Parti debaixo de ressalvas coletivas. Nossos parentes sabem mais desse mundo sórdido do que nós, jogadores, treinadores, que somos reféns dessa cachaça. E das ressacas que nos provocam.

Ao mesmo tempo que disputava os dois jogos decisivos contra o Vasco, Edinho anunciava a imprensa que recebera uma proposta irrecusável do Marítimo, de Portugal, e que indicara meu nome para substituí-lo.

Todos os jornais estamparam minha foto como seu sucessor e o presidente do clube, Arnaldo Santiago, nem se manisfetara a respeito.

Tinha um Fiat Uno, mas na semana decisiva, conhecendo de onde buscam “valores” para ocupar o cargo, pedi emprestado o Santana zerado da minha irmã, que era o top de linha. Chegando com ele, não fiz feio diante do carro importado do Super Ézio.

O Vasco foi campeão e Edinho se despediu do clube e bateu nas minhas costas no vestiário:

– Agora é com você, amigo!

Sem ser anunciado oficialmente, perguntei ao supervisor dos profissionais, Roberto Alvarenga:

– O que faço?

Roberto disse: vem cedo dar o treino normalmente. Alguém precisa estar aqui. Fui pro hotel e nem dormi pensando na minha possível estreia no domingo, contra o Palmeiras, pelo Torneio Rio São Paulo.

Todos que nos antecederam no cargo, como Gilson Gênio, Rubens Galaxe, Sebastião Rocha, Gama, tiveram essa interinidade. Ocuparam a cadeira enquanto um Dorival Junior, Cuca, Celso Roth… vocês sabem!.


Cheguei cedinho ao clube e uma leva de jornalistas passou por mim. “Oi, Zé!” Tinha algo errado. Não era eu, caso contrário me cercariam. Ximbica, o roupeiro amigo, oito anos de clube como a gente, me chamou no canto do vestiário para nos consolar.

– O Nelsinho Rosa é muito amigo do Presidente! – disse.

– Mas por que não o anunciou? Deixou no ar meu nome, meus sonhos…

Enfim, fiz a viagem de volta mais triste da minha vid, mas ela era só aperitivo. Quando cheguei, Paulo Alvarenga ligou do Flu.

– Já soube, não é?

Eu respondi:

– Sim, mas ainda temos chances, afinal sou o treinador do juniores!

Ele retrucou:

– Não é mais. Nelsinho indicou o filho para treinar o junior. Você foi demitido!

Sabe aquele dia que você olha do alto da ponte e agradece o privilégio de ter tido os pais, tios, professores e avós que tive, nos ensinando o valor da vida?

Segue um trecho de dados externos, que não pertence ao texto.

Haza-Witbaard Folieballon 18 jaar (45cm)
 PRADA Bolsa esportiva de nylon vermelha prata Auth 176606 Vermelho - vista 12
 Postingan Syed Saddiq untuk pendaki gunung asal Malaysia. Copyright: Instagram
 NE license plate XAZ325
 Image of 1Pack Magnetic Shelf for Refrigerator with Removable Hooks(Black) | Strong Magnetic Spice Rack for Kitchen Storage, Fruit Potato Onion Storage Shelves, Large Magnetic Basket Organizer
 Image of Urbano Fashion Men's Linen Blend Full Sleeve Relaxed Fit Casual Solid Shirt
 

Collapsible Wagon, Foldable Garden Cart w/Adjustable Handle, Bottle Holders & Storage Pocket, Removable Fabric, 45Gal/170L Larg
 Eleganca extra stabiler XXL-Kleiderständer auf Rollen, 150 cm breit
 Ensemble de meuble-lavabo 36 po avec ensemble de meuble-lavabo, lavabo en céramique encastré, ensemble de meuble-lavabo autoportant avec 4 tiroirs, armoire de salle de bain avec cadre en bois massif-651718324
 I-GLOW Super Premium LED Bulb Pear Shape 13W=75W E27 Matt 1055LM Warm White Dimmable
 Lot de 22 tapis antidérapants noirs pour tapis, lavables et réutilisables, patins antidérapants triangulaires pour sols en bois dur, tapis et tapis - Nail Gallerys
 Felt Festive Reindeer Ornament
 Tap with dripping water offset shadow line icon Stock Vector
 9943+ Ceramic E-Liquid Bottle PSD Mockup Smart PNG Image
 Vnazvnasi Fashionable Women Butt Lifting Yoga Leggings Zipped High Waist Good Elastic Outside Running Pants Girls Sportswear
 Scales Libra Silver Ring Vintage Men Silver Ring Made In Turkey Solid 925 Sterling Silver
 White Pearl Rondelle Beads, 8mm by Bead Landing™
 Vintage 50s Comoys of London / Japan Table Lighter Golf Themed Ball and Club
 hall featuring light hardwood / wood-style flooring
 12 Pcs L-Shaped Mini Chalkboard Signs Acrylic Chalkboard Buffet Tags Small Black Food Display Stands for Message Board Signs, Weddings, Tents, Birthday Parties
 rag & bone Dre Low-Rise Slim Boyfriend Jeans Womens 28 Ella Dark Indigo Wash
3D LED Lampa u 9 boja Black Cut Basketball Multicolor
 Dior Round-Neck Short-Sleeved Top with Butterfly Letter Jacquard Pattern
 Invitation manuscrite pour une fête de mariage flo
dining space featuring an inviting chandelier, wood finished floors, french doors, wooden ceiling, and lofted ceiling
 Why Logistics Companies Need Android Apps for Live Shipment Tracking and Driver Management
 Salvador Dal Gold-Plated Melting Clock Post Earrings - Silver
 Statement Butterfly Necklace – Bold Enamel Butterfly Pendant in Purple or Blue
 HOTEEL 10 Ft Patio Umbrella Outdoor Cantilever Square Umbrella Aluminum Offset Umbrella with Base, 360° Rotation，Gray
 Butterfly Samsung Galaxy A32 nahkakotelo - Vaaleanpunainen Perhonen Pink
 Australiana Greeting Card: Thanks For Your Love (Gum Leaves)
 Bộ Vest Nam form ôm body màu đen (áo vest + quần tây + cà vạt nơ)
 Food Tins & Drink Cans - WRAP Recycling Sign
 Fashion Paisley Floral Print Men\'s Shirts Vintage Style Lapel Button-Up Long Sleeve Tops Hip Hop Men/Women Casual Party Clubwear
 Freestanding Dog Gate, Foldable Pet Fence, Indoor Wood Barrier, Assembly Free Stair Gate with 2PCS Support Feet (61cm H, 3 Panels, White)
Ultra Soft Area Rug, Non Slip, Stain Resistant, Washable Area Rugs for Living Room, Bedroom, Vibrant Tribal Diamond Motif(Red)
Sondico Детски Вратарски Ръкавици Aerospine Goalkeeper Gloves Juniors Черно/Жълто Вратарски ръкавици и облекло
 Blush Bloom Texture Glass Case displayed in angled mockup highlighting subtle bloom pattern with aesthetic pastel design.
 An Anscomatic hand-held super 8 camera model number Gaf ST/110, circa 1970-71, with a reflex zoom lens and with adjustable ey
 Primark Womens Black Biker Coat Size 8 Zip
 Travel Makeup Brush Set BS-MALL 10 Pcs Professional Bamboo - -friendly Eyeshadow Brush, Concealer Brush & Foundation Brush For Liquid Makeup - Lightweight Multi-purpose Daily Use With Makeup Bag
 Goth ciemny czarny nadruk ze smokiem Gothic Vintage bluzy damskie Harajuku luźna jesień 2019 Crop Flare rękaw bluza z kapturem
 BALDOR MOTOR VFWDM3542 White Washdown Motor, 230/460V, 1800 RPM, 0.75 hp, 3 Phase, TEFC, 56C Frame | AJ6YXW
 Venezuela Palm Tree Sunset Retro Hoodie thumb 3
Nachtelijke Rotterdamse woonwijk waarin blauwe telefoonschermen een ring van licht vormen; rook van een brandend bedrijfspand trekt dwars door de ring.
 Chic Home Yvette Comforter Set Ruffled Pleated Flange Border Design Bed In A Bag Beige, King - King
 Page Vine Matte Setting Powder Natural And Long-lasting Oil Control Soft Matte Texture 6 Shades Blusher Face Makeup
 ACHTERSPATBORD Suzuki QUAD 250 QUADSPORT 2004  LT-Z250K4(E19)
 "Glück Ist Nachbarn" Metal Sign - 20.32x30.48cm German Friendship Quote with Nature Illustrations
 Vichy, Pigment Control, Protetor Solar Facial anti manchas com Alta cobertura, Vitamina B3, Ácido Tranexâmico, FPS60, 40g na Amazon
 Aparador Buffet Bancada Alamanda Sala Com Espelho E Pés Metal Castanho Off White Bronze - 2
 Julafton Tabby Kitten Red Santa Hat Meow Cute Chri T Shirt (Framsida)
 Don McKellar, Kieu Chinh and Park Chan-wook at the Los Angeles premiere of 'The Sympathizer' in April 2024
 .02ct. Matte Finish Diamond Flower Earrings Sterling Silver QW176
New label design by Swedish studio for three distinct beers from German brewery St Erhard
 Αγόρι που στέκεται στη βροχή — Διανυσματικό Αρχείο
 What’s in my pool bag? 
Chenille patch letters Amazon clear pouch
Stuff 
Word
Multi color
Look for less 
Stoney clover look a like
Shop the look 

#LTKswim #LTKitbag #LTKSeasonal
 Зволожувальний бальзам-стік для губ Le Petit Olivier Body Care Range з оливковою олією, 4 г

Do Paulo Matheus, nosso psicólogo, que diz que precisamos ser os protagonistas da nossa própria história?

Pois é. A vida continuou. Foi apenas um dia em que deixei de ser tricolor por causa de uma gestão covarde, incapaz de assumir suas preferências à luz do dia. E que não estava à altura de dirigir nosso clube como eu estava preparado, naquela ocasião, para dirigir o Fluminense.

Era apenas uma gestão. O clube, e eu, somos maiores do que ela. E sobrevivemos.